ECLI:NL:CRVB:2012:BY0125
Centrale Raad van Beroep
- Hoger beroep
- T. Hoogenboom
- Rechtspraak.nl
Weigering van WAO-uitkering op basis van medische gegevens en wettelijke wachttijd
In deze zaak heeft de Centrale Raad van Beroep op 12 oktober 2012 uitspraak gedaan in hoger beroep over de weigering van een WAO-uitkering aan betrokkene. De Raad heeft vastgesteld dat het Uitvoeringsinstituut werknemersverzekeringen (Uwv) op basis van de medische gegevens en het dossier niet heeft kunnen vaststellen dat de arbeidsongeschiktheid van betrokkene is toegenomen binnen vijf jaar na de eerdere weigering van de WAO-uitkering. Betrokkene voldeed niet aan de wettelijke wachttijd van 52 weken, wat een vereiste is voor toekenning van de uitkering.
De procedure begon met een besluit van het Uwv op 15 augustus 1991, waarin de uitkering aan betrokkene werd geweigerd omdat zijn arbeidsongeschiktheid minder dan 15% bedroeg. Deze beslissing werd in rechte onaantastbaar verklaard door een eerdere uitspraak van de Raad op 18 december 1996. Betrokkene heeft in 2008 opnieuw een aanvraag ingediend voor een WAO-uitkering, maar het Uwv heeft in 2009 vastgesteld dat er geen toename van arbeidsongeschiktheid was.

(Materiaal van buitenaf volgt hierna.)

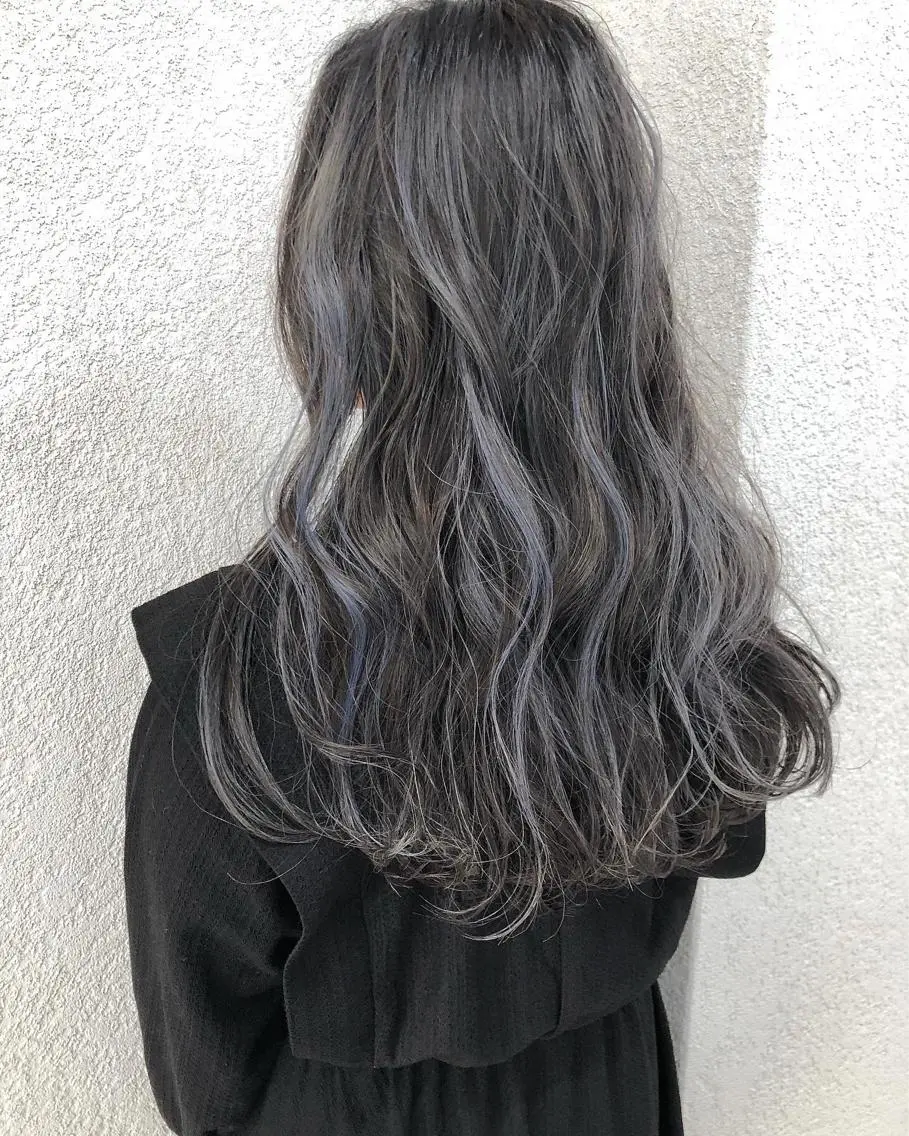 ロング カラー ヘアアレンジ ブルーカラー ブルージュ ハイライトカラー ハイライト 🧙『代表』平田 祥己✨のヘアスタイル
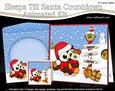 3D Xmas Little Hoot Owl Sleeps Till Santa Animated Card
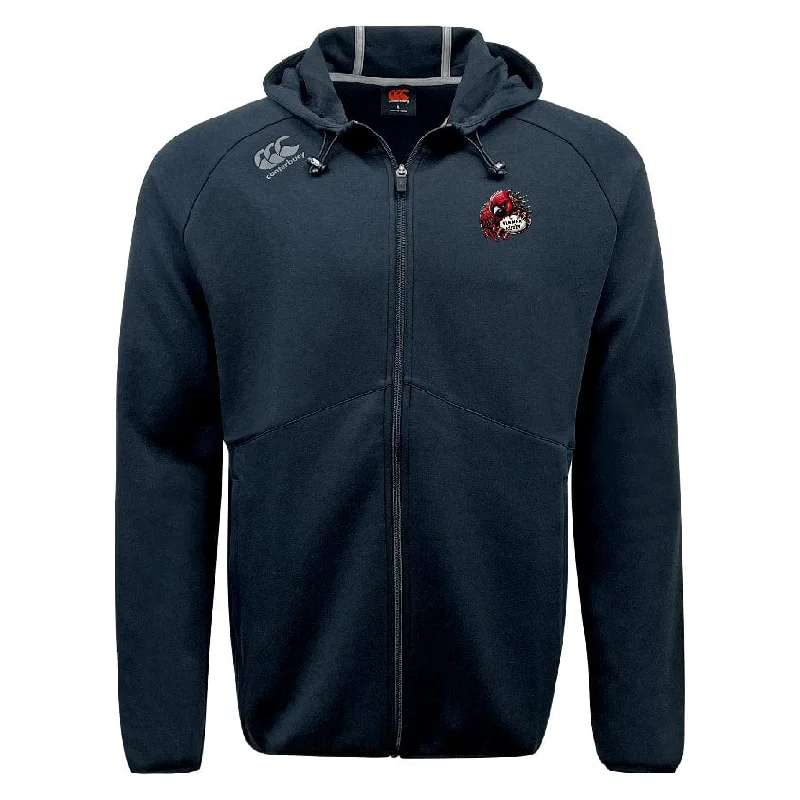 Camping hiking trail quiet-Vienna Rugby Tempo Vapodri Full-Zip Hoodie by Canterbury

De rechtbank Amsterdam heeft in een eerdere uitspraak op 11 mei 2011 het beroep van betrokkene tegen het besluit van het Uwv gegrond verklaard, maar de Centrale Raad van Beroep heeft deze uitspraak vernietigd. De Raad oordeelde dat betrokkene niet voldeed aan de vereisten van artikel 43a van de WAO, omdat er geen medische beperkingen waren vastgesteld die voortkwamen uit dezelfde ziekteoorzaak als eerder. De Raad heeft het hoger beroep van het Uwv gegrond verklaard en het beroep van betrokkene ongegrond verklaard, zonder aanleiding voor proceskostenveroordeling.
De uitspraak is gedaan door T. Hoogenboom, met J.R. Baas als griffier, en is openbaar uitgesproken op 12 oktober 2012.